Hong Lu & Daniel Peebles

Introduction

GPS receivers are widespread in mobile devices today, but because of their inherent inability to detect satellite signals indoors, they are poor choices for localization in these environments. Wi-Fi positioning is often used as an alternative in these situations, but its accuracy can suffer greatly from variations in signal strength and obstacles. Furthermore, the technique's accuracy is limited even in ideal conditions, thus making it unsuitable for high-precision indoor localization. It is however often desirable to be able to position devices accurately indoors. Augmented reality applications, for example, would need this. Also, mapping applications like the one on the iPhone might want to provide bearings for their users in large indoor locations like malls or department stores.

Approach

We use Gaussian processes on GIST image features in order to determine a user's location from image data alone. As these features are high-dimensional vectors, first we convert high resolution images(1600*1200) to lower resolution ones. Then we apply PCA as an intermediate step to reduce the feature dimensions before GP. We also smooth the resulting output time series using a hidden Markov model(HMM), which enforces constraints on the trajectory of the movement of the people.
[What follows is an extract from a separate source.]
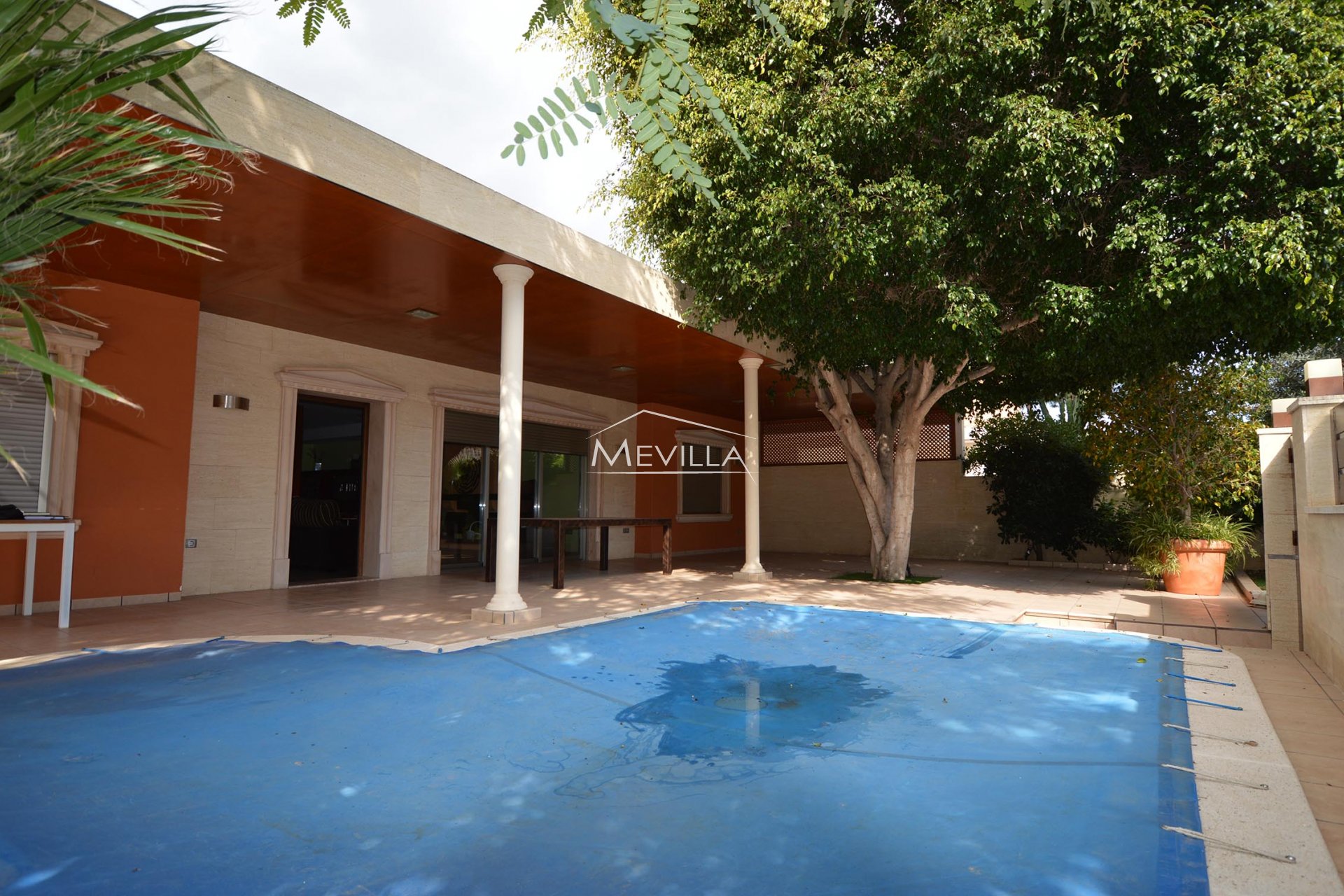 MODERNE VILLA IN DEHESA DE CAMPOAMOR ZU VERKAUFEN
To attempt to model the camera pose, we first took each image, converted it to the LAB color space, in which the L channel closely approximates luminance as perceived by the human eye, and applied a Canny edge filter to L. We then applied a Hough transform (with each line parametrized by polar coordinates) and found peaks in Hough space to detect lines in the image. We then find all pairwise intersection points and attempt to cluster them into three clusters, to find vanishing points. We hypothesize that the coordinates of these vanishing points will be strongly correlated with the orientation of the camera, assuming the scene in the image contains many strongly linear features that are orthogonal to one another in space (i.e., not in the 2d projection in the image).

Evaluation

We took several hundred photographs of the hallways of Sudikoff under different conditions. Our early images were intended for a separate labeling step, but for our later images we captured the images in a predictable sequence to save us from having to label them in a separate step. To evaluate our technique, we compared it against a simple k-nearest-neighbor model. We tried k-NN both with and without the same HMM for temporal smoothing. We also applied PCA to the input of k-NN for fair comparison.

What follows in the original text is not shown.